難民問題の5年…「メルケルの一言」がドイツとEUの姿を激変させた
9/18(金) 10:01配信 現代ビジネス

5年前の今ごろ

メルケル首相は2度、“アンネ・ヴィル(公共放送第1テレビのトークショーの題名)”に単独ゲストとして出演した。
シェヴェニケ氏曰く、「その番組の中でメルケルは2度とも、まさに降伏宣言とも言える壊滅的な言葉を吐く:あと何人がドイツに入国するのかは、我々が決められることではないのです」。
自国に、誰が何人、どこから入ってくるか決められないと言うのは、主権の放棄に等しい。
国民の安全を守るためには、国家は国境を防衛しなければならないが、この期間、ドイツはそれができない状態だった。
ドイツは毎日、ミュンヘン駅に続々と到着する何万人もの中東難民を大歓迎する人たちで大いに沸いていた。
こうして、この年だけで89万人の難民が入国。
しかも、それはメルケル首相の致命傷になるどころか、その名声を高める結果となった。

難民受け入れ第2波の予感

そして今、ドイツ国民の一部では、レスボス島の難民を引き取ろうと言う声が急激に高まっている。
緑の党は、レスボス島にいる難民全員をドイツが引き取り、その後、EUに振り分ければ良いと言っている(現実は、長年のあいだ、EUの多くの国が難民引取を断固拒否しているからこそ、こういう事態になっているのだが)。
すると、多くのメディアまでが、競うように難民の惨状を報じ始めた。
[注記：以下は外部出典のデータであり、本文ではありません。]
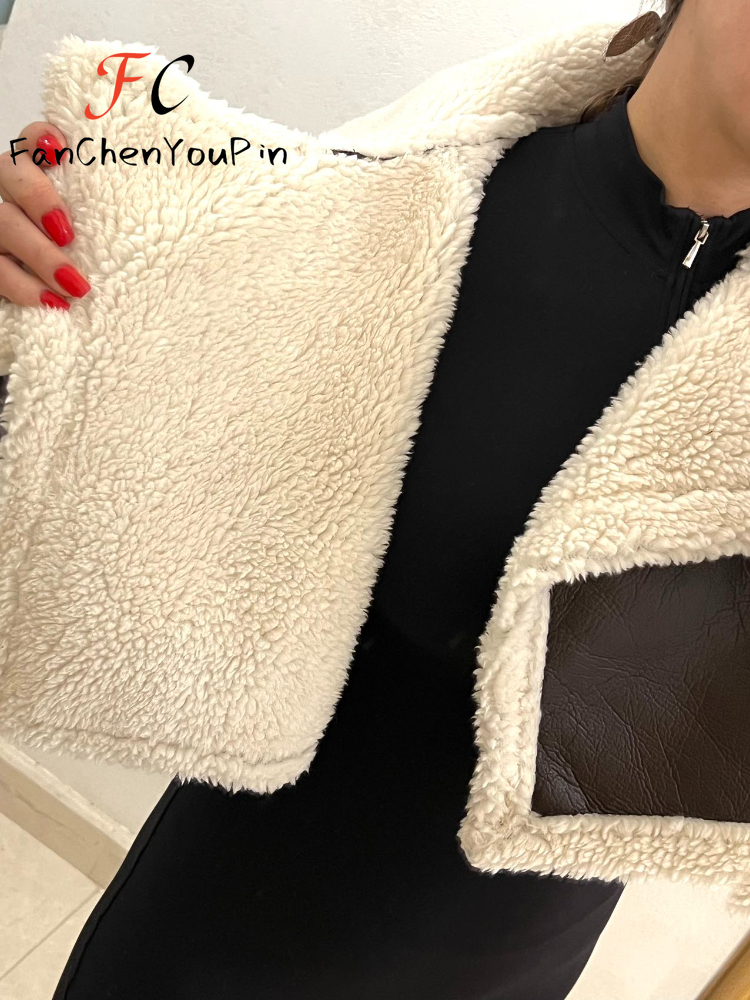 Veste en cuir pour femme, manteau, mode Vintage, fermetures éclair, Faux cuir, décontracté, Simple, Cool, court, doux et chaud, automne hiver 2024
それも、「EUの無力の証明」などと政治批判に余念がない。これまで難民キャンプの様子などほとんど取り上げなかったくせに、偽善もいいところだ。
ただ、こうなると、流石に政治家も見て見ぬ振りはできない。これまで、「ドイツのスタンドプレーは好ましくない」と言って引き取りを躊躇っていた内相も、モラルの圧力に抵抗しきれなくなったらしく、11日、保護者のいない未成年者を150人引き取ると発表した。
しかし、その途端、「たったの150人とは何事か!」と、さらに激しい非難が殺到してしまった。結局、15日、ドイツはそれに加えて、さらに1553人の子供連れの家族難民の引取を発表。ただ、これで批判の声が収まるかどうかは、まだわからない。
その一方で、難民の受け入れなどもってのほか、という意見も根強い。モリアにいる難民は多くが経済難民なので、彼らを受け入れ始めたらキリが無くなる。アフリカや中東には、まだ何百万人も後に続こうとしている人たちがいるのだ。
また、国境侵犯で入ってきた人たちを、EUが受け入れなければならないという法的根拠も希薄だし、火を点ければ難民の要求が通るというのも、言われてみればおかしな話だ。